Dvc external output add after changing files data in remote is failing

I know that, after changing data being tracked by dvc, we can use “dvc add” command and then “dvc push” to github. I can use different .dvc files to get back data using “dvc pull”.

The same when am trying to do with dvc external output, it is not working,
I’m using remote storage and remote cache. And adding data of remote using “add --external” command.

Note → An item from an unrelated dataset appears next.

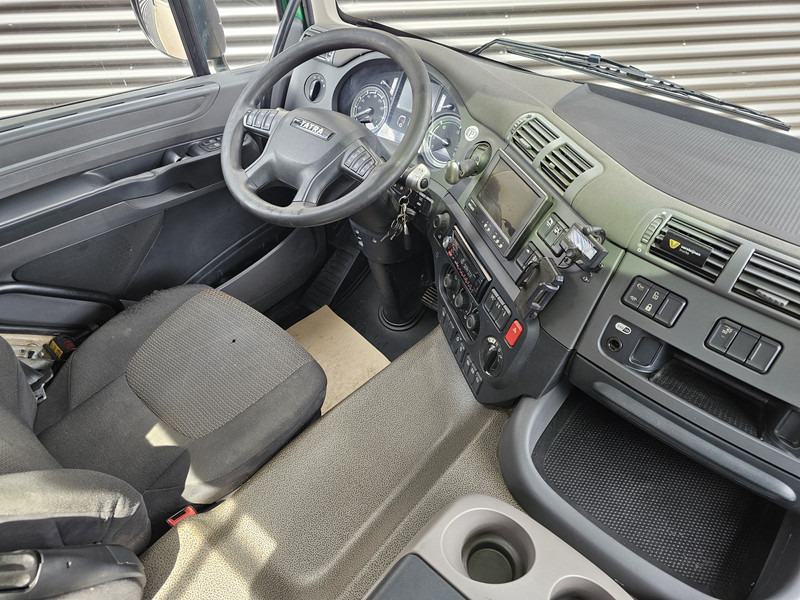 Tatra 6X6 / T158/II / 2 SIDE TIPPER - HMF Z CRANE on lease Tatra 6X6 / T158/II / 2 SIDE TIPPER - HMF Z CRANE: picture 15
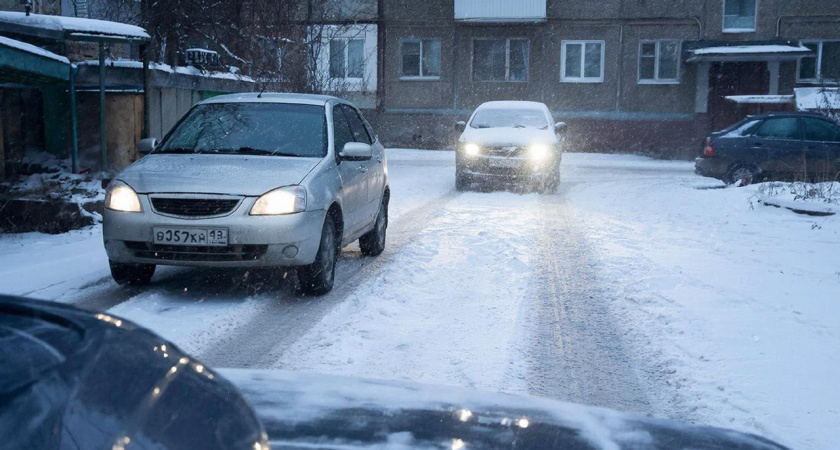 Выезжаю со двора, а навстречу машина: этого правила нет в ПДД, но как поделить узкую дорогу без конфликта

  • dvc add --external remote://s3remote/wine-quality.csv # tracks data, creates a cache folder in remote
  • git push

Now, am changing data in remote place, and I want to track the news changes,

  • dvc add --external remote://s3remote/wine-quality.csv
    [I’m using custom hosted Minion s3 bucket, to make changes am deleting the data file and uploading new one with same name with changes in data]
    This is failing with following error,

FYI,

  • config file
    [cache]
    s3 = s3cache
    [‘remote “s3remote”’]
    url = S3://datasource-bucket/
    endpointurl = http://localhostminio:10009/
    access_key_id = user
    secret_access_key = password
    use_ssl = false
    [‘remote “s3cache”’]
    url = s3://datasource-bucket/cache/
    endpointurl = http://localhostminio:10009/
    access_key_id = user
    secret_access_key = password
    use_ssl = false

It seems like you initially added data in a folder named remoteTrack and now you are trying to add it again from a different folder. This is trying to create a new stage but then it fails since the stage already exists. You can do either go to the remoteTrack\ folder and use the same command or specify the filename that belongs to the previous stage via --file remoteTrack\wine-quality.csv.dvc.

1 Like

Thanks @isidentical :slight_smile: